Une assemblée de poète.sse.s civiques — Fondation Kadist
Car il s’agit bien, à travers ce projet d’exposition, de repenser la réunion de deux dimensions trop opportunément opposées pour ne pas en déceler l’intrication essentielle ; la poésie et l’action concrète. Au cœur d’une présentation sobre et soignée pensée jusqu’à l’invention d’un mobilier léger et accueillant, la fondation propose une exposition extrêmement riche qui fait de l’écriture le centre névralgique de nos places dans le monde. Donnant autant à entendre qu’à voir, à lire, la dimension poétique se découvre en acte et en action, celui du poète et celle de l’auditeur. Car entendre et accueillir la poésie pour ce qu’elle est constitue bien un engagement, un déplacement nécessaire face aux logiques de force intensives qui courent derrière l’innocence apparente d’une société de communication.
Dans la forme studieuse de la présentation, c’est ainsi le geste, la marque imprimée dans l’espace qui constitue le nœud de l’engagement. Plus encore donc que l’écrit en tant qu’objet, cette assemblée parvient à mettre en lumière la question de l’écriture dans l’espace et de sa matérialisation dans et hors de son support.
Loin de s’attacher à la seule dimension onirique ou symbolique de la poésie, Une assemblée de poète.sse.s civiques met en lumière la relation directe de la force poétique d’un œuvre dans son présent, à travers notamment la grande installation de Bouchra Khalili qui revient sur la figure de Jean Genet et la place qu’il occupe dans des combats sociétaux. On redécouvre avec bonheur le voyage et l’engagement du poète auprès des Black Panthers, retracé ici dans une cartographie historique qui compile archives et mises en perspective.
En aucun cas donc, la poésie ne se réduit à une « illustration » ou à un « ornement » esthétique de la lutte mais, au contraire, par la pensée, la métrique, la systématique de son invention, transforme celui qui la pratique en observateur sensible d’un monde où les gestes ne sont qu’éphémères et en aucun sens moins importants.
Reprenant les mots de Pasolini, les artistes présentés ici usent de tous les médiums (dessin, film, performance, exploration d’archives, installation sonore) pour entrouvrir, à travers la langue, la possibilité d’informer le monde en en perturbant les formes. Le poète n’est-il pas celui qui impose à l’image, au mot et au son un système qui les agence et les formalise dans une temporalité alternative ? Celle de la transmission, de l’échange, dans la solitude de la lecture ou le brouhaha de l’intervention publique.
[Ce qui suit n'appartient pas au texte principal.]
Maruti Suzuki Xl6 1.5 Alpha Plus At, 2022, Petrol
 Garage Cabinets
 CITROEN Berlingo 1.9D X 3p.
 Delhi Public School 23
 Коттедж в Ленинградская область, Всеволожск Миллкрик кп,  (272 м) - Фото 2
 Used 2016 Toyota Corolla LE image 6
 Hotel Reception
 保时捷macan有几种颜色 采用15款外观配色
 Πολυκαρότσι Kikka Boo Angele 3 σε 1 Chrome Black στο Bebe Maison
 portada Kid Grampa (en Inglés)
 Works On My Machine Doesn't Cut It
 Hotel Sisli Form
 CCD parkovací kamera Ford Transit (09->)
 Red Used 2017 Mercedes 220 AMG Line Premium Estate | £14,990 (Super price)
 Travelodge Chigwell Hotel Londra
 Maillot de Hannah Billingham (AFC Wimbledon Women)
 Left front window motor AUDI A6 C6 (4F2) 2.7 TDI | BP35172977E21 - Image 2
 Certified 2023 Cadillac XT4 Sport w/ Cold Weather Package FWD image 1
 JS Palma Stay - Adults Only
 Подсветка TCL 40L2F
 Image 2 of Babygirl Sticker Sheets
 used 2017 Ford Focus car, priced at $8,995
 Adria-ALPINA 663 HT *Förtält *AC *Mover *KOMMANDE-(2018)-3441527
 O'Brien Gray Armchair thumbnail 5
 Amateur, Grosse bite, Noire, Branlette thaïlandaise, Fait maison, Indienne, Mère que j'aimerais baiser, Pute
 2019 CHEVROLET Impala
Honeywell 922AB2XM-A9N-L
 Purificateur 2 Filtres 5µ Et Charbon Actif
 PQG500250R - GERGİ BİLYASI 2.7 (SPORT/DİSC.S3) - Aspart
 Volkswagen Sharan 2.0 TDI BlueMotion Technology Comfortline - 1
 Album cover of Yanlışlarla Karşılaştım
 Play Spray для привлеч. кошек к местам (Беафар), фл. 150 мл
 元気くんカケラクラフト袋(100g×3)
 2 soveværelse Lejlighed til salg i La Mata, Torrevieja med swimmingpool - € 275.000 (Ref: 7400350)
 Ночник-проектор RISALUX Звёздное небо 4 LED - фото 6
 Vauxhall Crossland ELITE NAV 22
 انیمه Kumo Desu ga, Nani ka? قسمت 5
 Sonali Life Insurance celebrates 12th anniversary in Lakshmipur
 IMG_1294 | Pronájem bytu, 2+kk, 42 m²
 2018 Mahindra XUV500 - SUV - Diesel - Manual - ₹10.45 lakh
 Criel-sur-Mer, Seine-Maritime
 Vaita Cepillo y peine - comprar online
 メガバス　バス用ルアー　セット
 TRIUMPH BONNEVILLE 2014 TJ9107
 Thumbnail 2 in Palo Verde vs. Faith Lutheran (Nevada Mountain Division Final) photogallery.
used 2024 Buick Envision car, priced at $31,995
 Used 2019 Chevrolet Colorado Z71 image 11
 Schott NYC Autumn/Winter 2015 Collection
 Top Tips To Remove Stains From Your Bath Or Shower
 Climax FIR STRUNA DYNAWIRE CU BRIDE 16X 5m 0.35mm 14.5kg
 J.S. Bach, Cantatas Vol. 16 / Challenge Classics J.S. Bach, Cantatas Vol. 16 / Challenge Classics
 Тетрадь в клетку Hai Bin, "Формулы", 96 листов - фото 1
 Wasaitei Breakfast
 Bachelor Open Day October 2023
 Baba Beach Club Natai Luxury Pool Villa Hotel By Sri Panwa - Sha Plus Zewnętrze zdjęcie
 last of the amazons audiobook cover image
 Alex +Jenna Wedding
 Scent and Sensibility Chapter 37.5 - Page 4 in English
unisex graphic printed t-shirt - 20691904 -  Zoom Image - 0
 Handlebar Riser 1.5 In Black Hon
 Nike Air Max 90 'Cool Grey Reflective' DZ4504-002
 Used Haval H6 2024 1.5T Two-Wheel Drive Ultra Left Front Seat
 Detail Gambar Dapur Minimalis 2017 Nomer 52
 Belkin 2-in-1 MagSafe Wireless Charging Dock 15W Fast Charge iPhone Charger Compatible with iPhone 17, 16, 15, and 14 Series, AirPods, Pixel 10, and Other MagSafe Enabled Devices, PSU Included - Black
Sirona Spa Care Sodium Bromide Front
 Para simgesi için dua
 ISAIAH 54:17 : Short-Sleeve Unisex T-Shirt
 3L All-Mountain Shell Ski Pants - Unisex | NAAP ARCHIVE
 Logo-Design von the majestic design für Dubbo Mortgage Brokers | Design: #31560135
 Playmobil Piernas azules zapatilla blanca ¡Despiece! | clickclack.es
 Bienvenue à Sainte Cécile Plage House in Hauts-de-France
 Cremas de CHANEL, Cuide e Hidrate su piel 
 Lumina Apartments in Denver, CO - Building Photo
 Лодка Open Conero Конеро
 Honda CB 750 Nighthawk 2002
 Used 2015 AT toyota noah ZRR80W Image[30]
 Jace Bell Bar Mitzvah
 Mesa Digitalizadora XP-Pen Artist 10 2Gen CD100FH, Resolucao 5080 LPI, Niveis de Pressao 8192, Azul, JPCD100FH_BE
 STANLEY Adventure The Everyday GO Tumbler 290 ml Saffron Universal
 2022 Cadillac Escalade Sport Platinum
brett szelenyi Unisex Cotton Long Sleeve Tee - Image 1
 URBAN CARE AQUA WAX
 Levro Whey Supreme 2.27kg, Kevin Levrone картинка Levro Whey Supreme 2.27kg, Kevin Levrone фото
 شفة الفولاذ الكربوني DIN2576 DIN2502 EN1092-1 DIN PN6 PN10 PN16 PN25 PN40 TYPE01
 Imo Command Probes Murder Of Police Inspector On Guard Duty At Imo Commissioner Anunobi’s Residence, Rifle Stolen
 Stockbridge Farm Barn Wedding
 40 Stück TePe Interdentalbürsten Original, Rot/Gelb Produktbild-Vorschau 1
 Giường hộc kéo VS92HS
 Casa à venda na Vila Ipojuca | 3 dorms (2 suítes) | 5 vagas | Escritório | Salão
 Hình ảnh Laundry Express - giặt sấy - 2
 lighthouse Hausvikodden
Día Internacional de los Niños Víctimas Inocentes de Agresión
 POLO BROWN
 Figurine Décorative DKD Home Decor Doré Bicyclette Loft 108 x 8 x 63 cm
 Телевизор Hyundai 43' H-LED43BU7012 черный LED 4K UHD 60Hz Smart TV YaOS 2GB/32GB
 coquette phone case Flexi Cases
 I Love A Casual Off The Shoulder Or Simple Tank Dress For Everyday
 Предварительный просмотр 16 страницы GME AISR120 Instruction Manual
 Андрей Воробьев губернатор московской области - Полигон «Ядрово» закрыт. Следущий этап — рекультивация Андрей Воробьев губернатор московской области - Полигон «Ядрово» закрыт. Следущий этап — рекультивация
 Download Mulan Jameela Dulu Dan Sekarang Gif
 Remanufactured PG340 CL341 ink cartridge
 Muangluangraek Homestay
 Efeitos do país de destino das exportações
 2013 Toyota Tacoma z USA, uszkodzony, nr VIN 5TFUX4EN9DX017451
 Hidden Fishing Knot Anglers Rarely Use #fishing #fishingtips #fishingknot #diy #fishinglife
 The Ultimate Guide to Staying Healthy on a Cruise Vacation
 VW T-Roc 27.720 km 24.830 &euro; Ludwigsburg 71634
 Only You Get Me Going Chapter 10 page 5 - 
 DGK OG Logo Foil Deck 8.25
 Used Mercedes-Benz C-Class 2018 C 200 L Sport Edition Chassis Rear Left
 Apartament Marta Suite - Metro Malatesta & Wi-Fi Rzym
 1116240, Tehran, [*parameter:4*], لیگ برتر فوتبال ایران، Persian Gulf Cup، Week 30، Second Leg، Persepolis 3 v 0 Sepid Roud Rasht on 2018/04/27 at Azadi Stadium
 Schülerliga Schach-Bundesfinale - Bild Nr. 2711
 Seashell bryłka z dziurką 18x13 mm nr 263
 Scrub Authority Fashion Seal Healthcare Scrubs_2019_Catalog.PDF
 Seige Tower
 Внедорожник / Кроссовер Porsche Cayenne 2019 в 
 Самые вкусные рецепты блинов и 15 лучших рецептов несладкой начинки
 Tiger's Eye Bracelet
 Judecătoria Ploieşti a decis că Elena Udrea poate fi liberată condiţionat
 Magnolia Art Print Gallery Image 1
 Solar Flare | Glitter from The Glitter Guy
Là, la parole, le texte déroulent la singularité de leur rythme et tranchent l’évidence du monde qui nous entoure en installant une narration décalée qui en abstrait pour mieux l’embrasser par la suite.
À l’image là encore de cet îlot d’inventions où, concomitamment à la sélection d’œuvres, s’organise un cycle de projection impressionnant encourageant à revenir et à ne jamais considérer la visite comme la fin d’un propos qu’elle nous enjoint à prolonger.